### Data shown
--

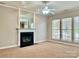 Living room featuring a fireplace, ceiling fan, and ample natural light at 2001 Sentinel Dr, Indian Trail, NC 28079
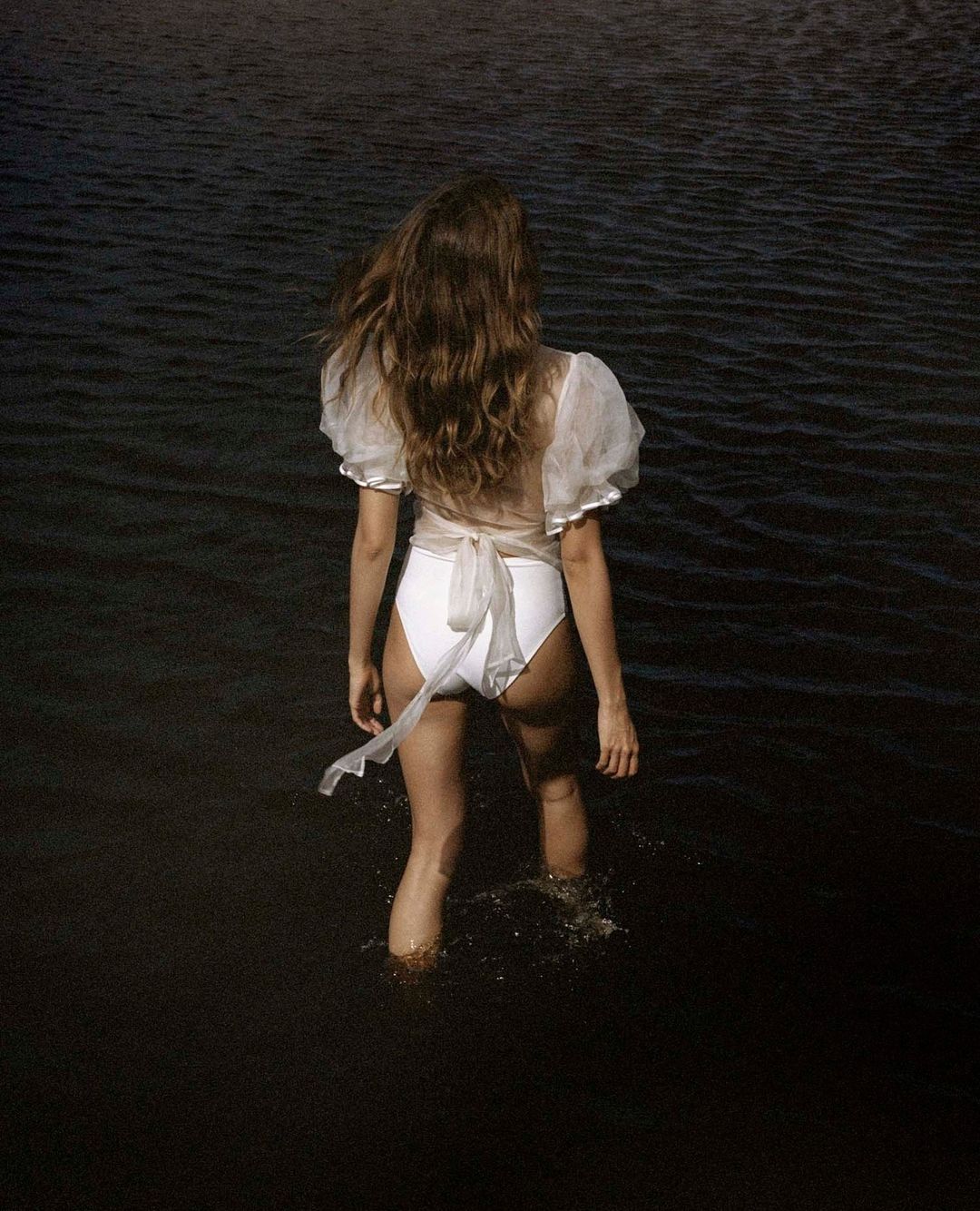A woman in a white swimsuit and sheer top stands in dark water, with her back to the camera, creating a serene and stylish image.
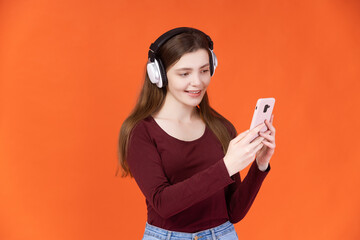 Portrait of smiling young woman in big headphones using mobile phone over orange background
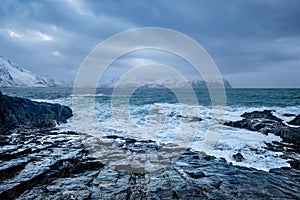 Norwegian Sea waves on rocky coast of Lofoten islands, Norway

--

### Task item
Pictures stay out. Write out everything else in the material exactly.

### Solution to this task
 Living room featuring a fireplace, ceiling fan, and ample natural light at 2001 Sentinel Dr, Indian Trail, NC 28079
A woman in a white swimsuit and sheer top stands in dark water, with her back to the camera, creating a serene and stylish image.
 Portrait of smiling young woman in big headphones using mobile phone over orange background
 Norwegian Sea waves on rocky coast of Lofoten islands, Norway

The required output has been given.